*Fixing* a Virgin Media Super Hub...

So, After struggling with getting SSH to work reliably on my Virgin Media Super Hub I finally decided to give them a call and face the inevitable "ss what" questions from tech support. They didn't dissapoint but did however tell me (after suggesting I restart my router) that there is a firmware update available and that I should reset my router to get the update.

My super hub (which I will refer to a router from here on as it's neither super nor a hub) is a Netgear VMDG480, I have no idea what the firmware was before the update but it is now on boot code 2.3.0beta7 software version R36. This info can be found by connecting to your router in a browser and going to router status in the top right of the page (before you log on).

I was worried that this would mean re-configuring my wireless and port forwards etc but thought it was worth it for the potential fix to ssh.

The first step was to press and hold the reset button on the router for 20 seconds. I counted this out much to the amusement of the tech support operative however it looks like 20 seconds is when the virgin logo on the front of the router (normally Blue) turns red.

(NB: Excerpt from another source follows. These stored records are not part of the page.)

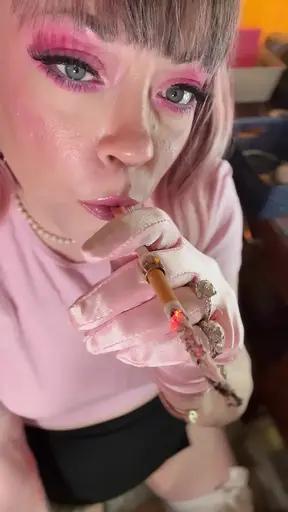 Pink satin gloves-clad chubby girl smokes cigarette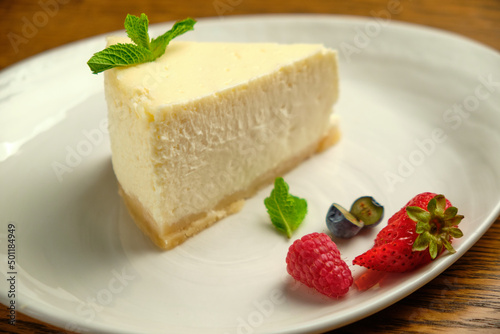 A piece of cheesecake, a classic New York-style cheesecake on a wooden table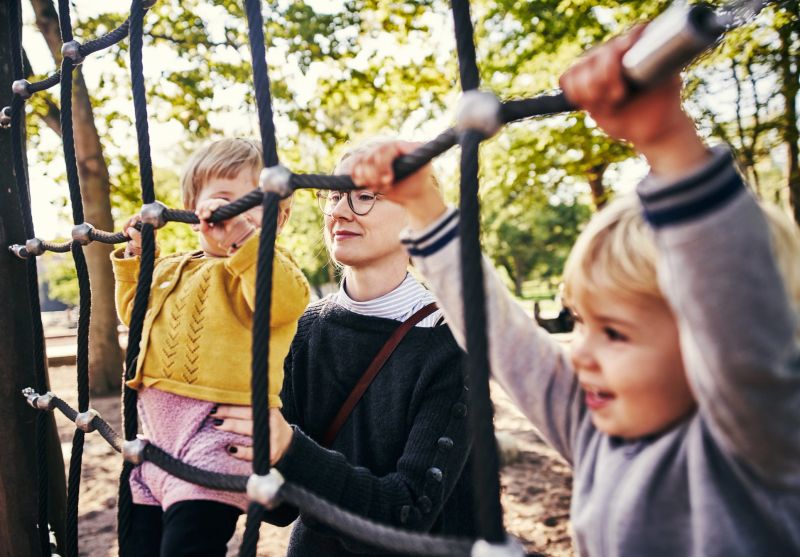 Cropped shot of a young mother and her two adorable children playing at the park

I released the reset button and waited for the lights to calm down.

After renewing the dhcp lease on my PC ( start, run, cmd, ipconfig /renew) I logged onto the router which was now on 192.168.0.1, my first task was to change the ip address back to 192.168.1.1 as that's what the rest of my network would be expecting. Turns out this is not as simple as it ought to be.

So, after going to the router in your browser and loggin in with the default username and password (admin, changeme) you have to go to advanced settings (button in the lower right of the window). Once there you need to go to the DHCP section and select DHCP settings. Once there you will find the IP settings. I found that trying to change to 192.168.1.x caused an error relating to the"guest lan" which is interesting as I can't find any reference to the "guest LAN" anywhere else. Changing to 192.168.30.1, restarting, renewing ip, then changing back to 192.168.1.1 did seem to fix this issue however.

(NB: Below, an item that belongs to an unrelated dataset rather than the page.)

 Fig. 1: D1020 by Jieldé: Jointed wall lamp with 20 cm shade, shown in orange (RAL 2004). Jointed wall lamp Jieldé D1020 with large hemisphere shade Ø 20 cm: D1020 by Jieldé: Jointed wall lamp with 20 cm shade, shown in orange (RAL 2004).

The DHCP setup is a little different to "normal". You enter the starting IP address for the DHCP range and then specify how many users you want. This then sets the end IP address. A little backward if you ask me but then since when has the router IP address been a DHCP option?

Please note that you need to click the Apply button from the bottom right of the window, wait for the router to restart, renew your IP and log back on to the router each time you change the IP address. Failure to do so will cause problems.

At this point I decided it would be a good idea to change the admin password, no option to change the username unfortunately but I wasn't expecting miracles. From the advanced menu you will find the password option in the "user interface management" part of the "device management" section. Turns out they are doing something wrong with the passwords as there is a limit of 15 characters and can only be letters and numbers. No salted hashing going on there then.....Still, that's not a bad length and alphabet size.


Last but not least there are two very insecure, flawed systems turned on by default that need turning off.

The first is WPS which allows you to connect wireless devices using a pin number rather than a proper passphrase. WPS can be trivially cracked using free software in 4-10 hours this then gives the attacker the ability to get your WPA passphrase (this is a bad thing!) Turn it off by going to Wireless, WPS Settings and unticking the Enable WPS box followed by apply.

The Second is UPnP. This is almost universally considered to be a bad thing from a security stand point. It introduces all sorts of security loopholes most of which are used by Virus to give them access to parts of your network they would not normally have. Take my word for it and turn it off. Right down the bottom of the advanced menu, under UPnP, uncheck the box and click apply.

That's about it for now. You could go and change the ssid and wpa key too as I always think having those on the back of the router is a bad plan (especially if someone can look through the window and see it) but I'm not going into that.